Data entries ::
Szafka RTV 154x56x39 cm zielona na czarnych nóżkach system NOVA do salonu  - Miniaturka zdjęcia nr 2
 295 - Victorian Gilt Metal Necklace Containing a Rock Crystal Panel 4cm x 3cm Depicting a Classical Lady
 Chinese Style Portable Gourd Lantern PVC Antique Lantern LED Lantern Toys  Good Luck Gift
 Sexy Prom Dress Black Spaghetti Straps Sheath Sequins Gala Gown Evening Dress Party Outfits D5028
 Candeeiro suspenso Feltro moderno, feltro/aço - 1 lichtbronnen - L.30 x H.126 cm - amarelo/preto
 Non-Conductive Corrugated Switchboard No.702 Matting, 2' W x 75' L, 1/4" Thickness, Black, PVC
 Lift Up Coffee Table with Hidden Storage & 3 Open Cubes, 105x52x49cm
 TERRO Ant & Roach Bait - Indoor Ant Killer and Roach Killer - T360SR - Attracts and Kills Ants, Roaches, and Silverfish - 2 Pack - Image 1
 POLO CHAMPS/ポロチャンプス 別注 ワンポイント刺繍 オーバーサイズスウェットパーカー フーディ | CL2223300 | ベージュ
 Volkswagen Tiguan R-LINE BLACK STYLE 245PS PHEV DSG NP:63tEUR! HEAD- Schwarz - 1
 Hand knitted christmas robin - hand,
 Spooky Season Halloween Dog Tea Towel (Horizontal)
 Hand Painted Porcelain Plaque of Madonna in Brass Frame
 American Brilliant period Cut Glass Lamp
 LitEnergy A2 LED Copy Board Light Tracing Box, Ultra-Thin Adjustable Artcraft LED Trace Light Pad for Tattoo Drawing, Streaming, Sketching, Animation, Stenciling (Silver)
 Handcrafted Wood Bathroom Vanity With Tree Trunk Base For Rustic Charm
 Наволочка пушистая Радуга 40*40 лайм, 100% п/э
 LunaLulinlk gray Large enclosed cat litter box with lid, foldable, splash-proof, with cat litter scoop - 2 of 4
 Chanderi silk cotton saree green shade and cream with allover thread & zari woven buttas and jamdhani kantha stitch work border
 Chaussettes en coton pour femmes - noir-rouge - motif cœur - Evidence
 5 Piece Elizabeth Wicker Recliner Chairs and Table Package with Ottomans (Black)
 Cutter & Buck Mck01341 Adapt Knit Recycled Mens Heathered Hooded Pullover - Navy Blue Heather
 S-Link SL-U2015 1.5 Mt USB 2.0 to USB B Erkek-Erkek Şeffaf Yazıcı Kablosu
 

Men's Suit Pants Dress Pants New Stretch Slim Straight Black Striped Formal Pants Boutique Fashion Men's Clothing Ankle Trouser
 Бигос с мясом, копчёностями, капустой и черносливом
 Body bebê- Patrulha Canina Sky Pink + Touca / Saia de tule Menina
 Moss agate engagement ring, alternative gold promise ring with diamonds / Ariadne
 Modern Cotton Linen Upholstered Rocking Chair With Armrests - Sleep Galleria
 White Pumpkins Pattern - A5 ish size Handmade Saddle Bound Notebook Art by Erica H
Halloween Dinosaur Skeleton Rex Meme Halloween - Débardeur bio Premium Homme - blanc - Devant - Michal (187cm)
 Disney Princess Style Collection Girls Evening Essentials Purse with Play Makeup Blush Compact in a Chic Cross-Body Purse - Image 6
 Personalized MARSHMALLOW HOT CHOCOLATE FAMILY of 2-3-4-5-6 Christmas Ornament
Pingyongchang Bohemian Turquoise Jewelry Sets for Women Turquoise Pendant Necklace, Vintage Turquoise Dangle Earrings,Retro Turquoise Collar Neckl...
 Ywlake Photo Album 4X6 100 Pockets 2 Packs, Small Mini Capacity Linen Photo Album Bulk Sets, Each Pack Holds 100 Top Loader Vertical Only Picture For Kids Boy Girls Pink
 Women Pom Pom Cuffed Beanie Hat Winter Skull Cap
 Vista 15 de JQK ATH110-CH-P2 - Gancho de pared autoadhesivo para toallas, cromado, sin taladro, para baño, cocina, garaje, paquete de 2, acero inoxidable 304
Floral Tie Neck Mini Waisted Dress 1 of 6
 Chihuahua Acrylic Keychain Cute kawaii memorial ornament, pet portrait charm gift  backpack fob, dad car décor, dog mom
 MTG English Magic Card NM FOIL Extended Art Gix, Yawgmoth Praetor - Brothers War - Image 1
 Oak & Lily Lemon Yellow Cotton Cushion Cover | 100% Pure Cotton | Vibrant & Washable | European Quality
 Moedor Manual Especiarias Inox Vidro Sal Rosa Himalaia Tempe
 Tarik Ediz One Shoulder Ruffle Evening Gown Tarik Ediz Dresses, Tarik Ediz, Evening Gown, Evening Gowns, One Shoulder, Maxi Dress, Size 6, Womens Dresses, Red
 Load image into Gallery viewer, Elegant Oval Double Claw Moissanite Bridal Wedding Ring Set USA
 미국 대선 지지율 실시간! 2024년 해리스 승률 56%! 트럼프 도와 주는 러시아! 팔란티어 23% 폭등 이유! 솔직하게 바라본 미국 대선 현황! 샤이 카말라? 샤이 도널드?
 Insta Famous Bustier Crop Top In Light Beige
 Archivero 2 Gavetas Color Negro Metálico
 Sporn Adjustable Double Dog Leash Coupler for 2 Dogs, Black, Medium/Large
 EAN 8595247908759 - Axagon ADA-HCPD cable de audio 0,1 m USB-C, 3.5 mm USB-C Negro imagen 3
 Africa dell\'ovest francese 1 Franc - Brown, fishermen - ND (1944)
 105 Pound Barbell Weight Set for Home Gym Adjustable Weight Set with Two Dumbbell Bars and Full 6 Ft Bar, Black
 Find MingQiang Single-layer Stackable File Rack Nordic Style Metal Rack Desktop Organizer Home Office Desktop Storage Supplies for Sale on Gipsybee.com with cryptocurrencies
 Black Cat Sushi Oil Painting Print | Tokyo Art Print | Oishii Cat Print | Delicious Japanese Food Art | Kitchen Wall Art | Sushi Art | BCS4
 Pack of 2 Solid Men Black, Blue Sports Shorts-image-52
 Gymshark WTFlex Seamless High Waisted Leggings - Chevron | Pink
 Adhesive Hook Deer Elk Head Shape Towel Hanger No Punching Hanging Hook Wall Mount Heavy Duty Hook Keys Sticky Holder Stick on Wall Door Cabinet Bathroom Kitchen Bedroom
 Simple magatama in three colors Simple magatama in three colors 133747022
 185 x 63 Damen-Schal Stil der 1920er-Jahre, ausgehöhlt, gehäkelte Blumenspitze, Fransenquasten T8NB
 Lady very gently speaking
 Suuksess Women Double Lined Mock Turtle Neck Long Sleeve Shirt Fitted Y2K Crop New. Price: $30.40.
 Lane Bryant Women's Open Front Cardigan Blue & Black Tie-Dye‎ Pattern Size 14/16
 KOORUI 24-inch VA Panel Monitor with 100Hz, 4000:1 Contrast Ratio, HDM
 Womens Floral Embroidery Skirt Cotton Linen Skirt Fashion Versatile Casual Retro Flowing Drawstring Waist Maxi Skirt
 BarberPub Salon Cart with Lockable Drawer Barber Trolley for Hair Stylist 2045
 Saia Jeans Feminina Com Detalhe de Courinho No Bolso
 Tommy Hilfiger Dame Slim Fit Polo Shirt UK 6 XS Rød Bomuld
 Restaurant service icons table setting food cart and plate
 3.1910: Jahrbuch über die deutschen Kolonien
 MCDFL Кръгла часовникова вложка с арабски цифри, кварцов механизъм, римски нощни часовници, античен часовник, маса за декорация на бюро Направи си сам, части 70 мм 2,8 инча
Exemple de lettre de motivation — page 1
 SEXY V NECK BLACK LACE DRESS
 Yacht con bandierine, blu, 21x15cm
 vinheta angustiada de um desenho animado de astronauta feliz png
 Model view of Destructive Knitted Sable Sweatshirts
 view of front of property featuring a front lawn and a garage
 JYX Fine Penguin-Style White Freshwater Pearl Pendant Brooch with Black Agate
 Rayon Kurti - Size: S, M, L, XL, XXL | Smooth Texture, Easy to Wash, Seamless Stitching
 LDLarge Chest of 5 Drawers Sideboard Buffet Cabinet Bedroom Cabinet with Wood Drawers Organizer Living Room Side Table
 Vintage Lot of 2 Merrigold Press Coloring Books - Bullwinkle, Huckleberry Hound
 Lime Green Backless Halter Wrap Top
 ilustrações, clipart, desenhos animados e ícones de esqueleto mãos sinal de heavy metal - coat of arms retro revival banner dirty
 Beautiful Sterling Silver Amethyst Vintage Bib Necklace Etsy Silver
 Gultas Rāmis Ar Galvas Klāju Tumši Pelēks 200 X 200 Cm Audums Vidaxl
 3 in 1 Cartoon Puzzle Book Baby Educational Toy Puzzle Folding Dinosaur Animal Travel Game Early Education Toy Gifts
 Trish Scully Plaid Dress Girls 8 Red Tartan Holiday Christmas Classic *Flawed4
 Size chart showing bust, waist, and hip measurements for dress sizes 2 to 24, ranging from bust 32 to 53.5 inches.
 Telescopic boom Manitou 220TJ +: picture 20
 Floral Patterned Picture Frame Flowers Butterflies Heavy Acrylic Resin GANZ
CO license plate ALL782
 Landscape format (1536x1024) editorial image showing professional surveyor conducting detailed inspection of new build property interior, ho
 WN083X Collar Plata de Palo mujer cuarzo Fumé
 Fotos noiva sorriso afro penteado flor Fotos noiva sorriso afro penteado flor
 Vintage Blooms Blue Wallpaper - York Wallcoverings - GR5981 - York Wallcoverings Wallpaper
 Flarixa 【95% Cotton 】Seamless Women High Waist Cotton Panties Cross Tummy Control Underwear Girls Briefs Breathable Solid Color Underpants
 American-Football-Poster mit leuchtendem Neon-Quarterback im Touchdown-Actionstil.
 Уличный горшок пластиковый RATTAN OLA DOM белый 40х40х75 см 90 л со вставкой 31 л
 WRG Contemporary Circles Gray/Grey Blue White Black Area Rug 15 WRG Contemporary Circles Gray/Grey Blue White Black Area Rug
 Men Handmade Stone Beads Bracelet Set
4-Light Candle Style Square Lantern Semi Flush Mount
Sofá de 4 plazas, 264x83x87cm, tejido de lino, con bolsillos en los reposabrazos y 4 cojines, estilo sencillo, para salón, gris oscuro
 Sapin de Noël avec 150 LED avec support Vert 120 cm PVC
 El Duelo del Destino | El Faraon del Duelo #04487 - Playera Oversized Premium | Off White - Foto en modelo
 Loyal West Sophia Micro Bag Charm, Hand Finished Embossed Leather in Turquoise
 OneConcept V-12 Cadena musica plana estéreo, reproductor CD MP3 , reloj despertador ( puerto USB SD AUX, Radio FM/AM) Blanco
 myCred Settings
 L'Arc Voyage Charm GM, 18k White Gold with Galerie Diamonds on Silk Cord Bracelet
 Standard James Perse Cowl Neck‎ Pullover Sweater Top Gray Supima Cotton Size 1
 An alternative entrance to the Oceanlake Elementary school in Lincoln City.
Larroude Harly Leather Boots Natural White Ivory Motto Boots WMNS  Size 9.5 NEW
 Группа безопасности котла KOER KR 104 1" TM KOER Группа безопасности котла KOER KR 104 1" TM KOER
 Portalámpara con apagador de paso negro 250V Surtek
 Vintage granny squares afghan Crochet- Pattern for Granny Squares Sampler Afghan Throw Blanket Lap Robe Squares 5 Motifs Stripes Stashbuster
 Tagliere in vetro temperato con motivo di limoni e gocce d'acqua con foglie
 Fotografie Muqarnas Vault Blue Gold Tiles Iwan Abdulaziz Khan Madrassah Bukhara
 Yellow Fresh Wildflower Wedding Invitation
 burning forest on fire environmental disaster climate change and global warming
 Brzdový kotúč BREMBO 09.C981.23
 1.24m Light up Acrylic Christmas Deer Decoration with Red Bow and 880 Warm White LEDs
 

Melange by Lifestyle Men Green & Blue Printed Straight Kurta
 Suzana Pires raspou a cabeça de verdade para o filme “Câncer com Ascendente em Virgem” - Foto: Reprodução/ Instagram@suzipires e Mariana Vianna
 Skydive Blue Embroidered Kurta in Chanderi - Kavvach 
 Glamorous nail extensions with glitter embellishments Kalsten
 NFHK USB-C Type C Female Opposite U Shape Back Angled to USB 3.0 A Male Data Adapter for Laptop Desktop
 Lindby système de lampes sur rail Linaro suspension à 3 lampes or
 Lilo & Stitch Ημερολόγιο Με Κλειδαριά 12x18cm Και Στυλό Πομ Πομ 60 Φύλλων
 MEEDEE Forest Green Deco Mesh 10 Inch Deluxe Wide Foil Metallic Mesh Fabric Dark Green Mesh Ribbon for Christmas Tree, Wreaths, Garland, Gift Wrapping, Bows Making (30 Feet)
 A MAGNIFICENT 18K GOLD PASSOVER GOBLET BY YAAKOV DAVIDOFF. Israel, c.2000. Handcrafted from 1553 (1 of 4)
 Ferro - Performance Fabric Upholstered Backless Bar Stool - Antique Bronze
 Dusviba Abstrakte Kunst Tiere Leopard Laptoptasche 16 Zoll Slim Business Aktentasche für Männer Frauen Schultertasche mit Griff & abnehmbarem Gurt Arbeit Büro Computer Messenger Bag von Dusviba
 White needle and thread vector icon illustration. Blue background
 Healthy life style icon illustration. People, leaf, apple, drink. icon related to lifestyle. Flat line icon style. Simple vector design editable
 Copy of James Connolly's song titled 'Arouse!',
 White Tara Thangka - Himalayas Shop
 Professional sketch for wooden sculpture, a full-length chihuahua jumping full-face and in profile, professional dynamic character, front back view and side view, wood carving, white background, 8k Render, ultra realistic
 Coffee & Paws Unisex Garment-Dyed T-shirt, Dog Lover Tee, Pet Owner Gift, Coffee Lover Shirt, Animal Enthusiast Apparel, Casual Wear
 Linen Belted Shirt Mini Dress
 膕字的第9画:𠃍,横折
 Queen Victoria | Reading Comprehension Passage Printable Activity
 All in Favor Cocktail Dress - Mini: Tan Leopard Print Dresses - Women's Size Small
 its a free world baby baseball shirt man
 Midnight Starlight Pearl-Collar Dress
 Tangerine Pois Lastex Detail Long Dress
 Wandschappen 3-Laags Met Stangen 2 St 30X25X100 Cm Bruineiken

Required work :: Take the line containing "Linen Belted Shirt Mini Dress" as the first line and the last line of the data above as the final one. Write out these lines and all between them exactly.

Response ::
 Linen Belted Shirt Mini Dress
 膕字的第9画:𠃍,横折
 Queen Victoria | Reading Comprehension Passage Printable Activity
 All in Favor Cocktail Dress - Mini: Tan Leopard Print Dresses - Women's Size Small
 its a free world baby baseball shirt man
 Midnight Starlight Pearl-Collar Dress
 Tangerine Pois Lastex Detail Long Dress
 Wandschappen 3-Laags Met Stangen 2 St 30X25X100 Cm Bruineiken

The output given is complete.